_Records supplied_
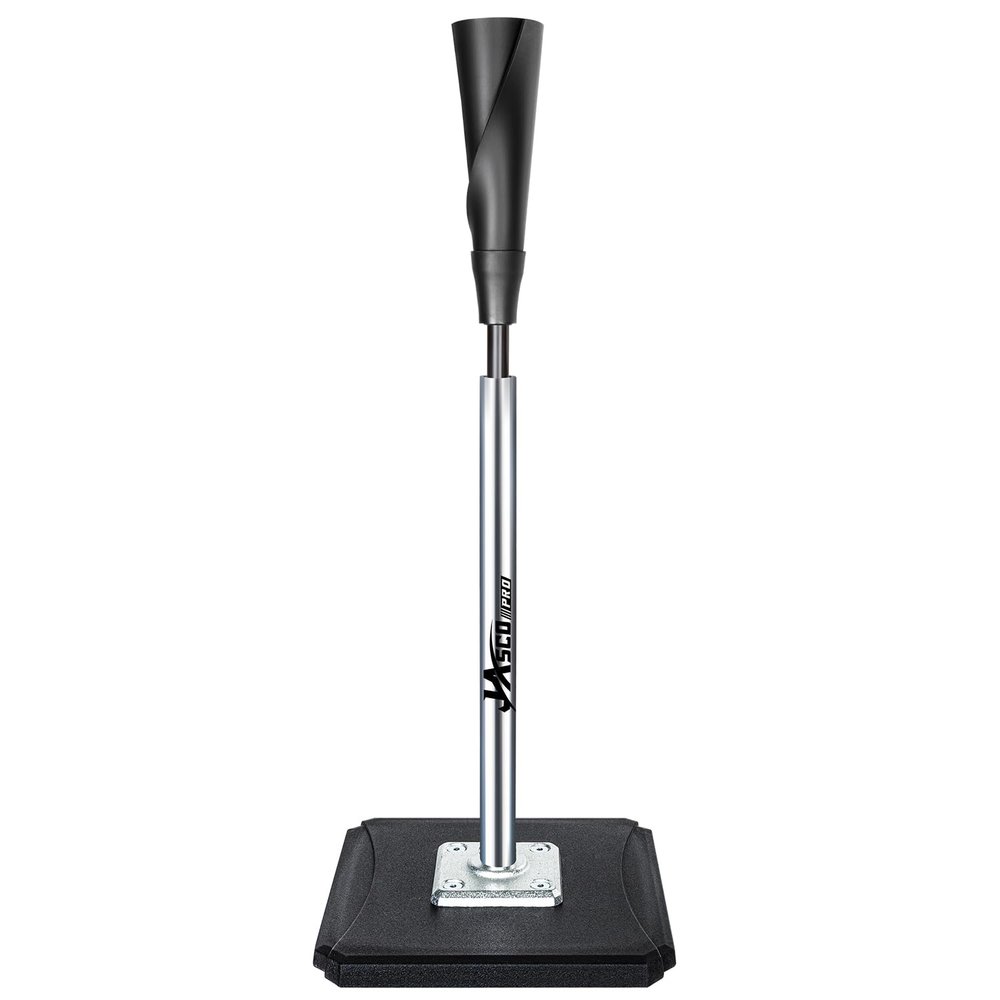 JASCOPRO Portable Batting Tee,Height Adjustable from 25-37 inch Hitting Tee For Baseball and Softball, Easy Assemble Premium Baseball Tee with Rubber Top,Metal Base Softball Tee for Kids/Youths/Adults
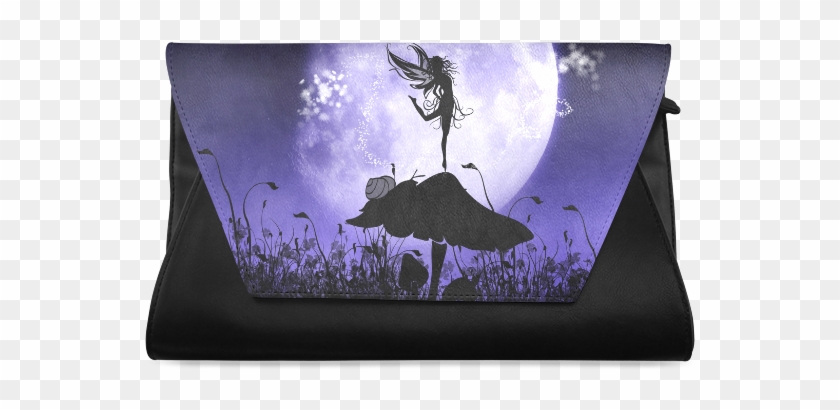 A Beautiful Fairy Dancing On A Mushroom Silhouette - Giraffe Clipart #1370903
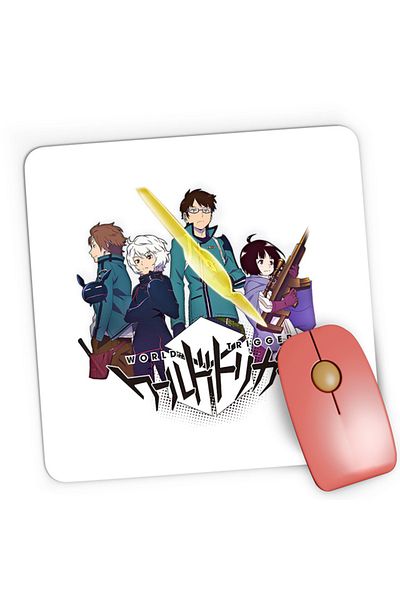 OEM Mousepad Gaming World Trigger Logo Anime Sci-fi Otaku Action Shounen, 21x19 см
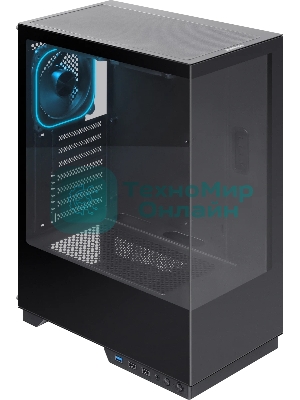 Компьютерный корпус Defender HyperHub черный,ATX,3fans,switchM/BSync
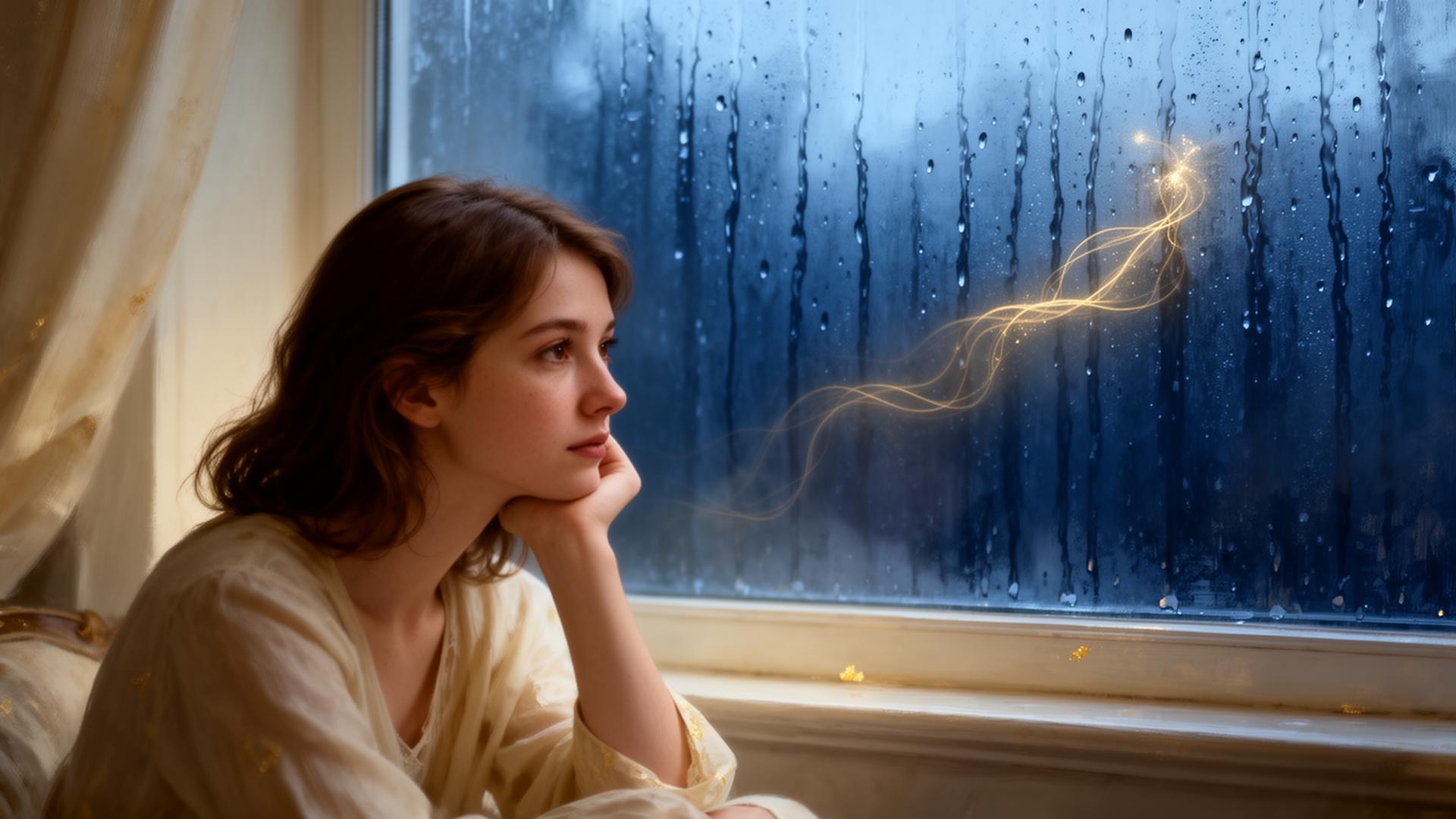 A glowing phone floating in a cosmic void with a severed golden thread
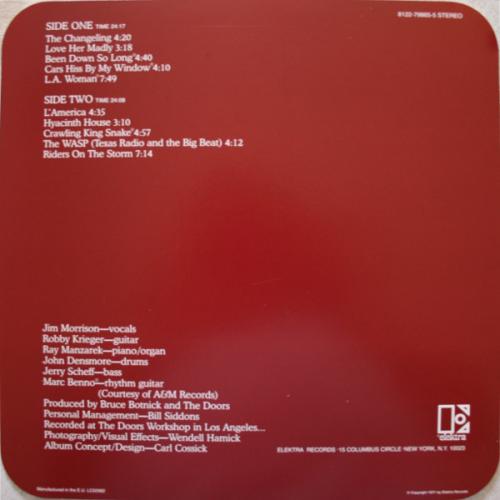 Виниловая пластинка WM The Doors L.A. Woman (Stereo) (180 Gram Black Vinyl/Remastered)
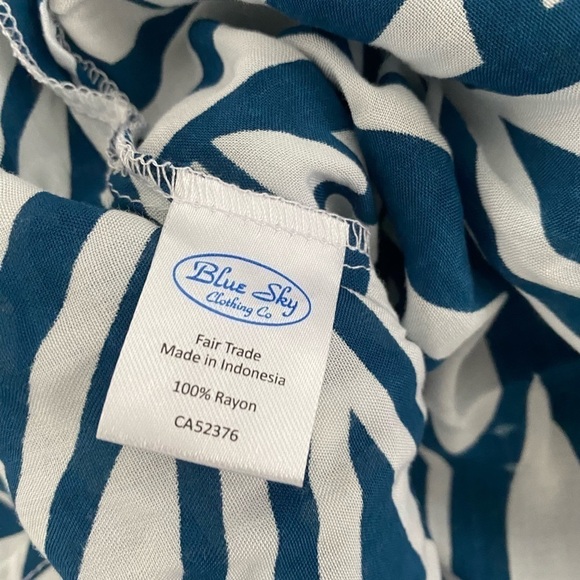 BLUE Sky Clothing blouse size Large - Picture 4 of 6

_Work instruction_
The answer should hold every entry exactly as given and no pictures at all.

_Answer below_
 JASCOPRO Portable Batting Tee,Height Adjustable from 25-37 inch Hitting Tee For Baseball and Softball, Easy Assemble Premium Baseball Tee with Rubber Top,Metal Base Softball Tee for Kids/Youths/Adults
 A Beautiful Fairy Dancing On A Mushroom Silhouette - Giraffe Clipart #1370903
 OEM Mousepad Gaming World Trigger Logo Anime Sci-fi Otaku Action Shounen, 21x19 см
 Компьютерный корпус Defender HyperHub черный,ATX,3fans,switchM/BSync
 A glowing phone floating in a cosmic void with a severed golden thread
 Виниловая пластинка WM The Doors L.A. Woman (Stereo) (180 Gram Black Vinyl/Remastered)
 BLUE Sky Clothing blouse size Large - Picture 4 of 6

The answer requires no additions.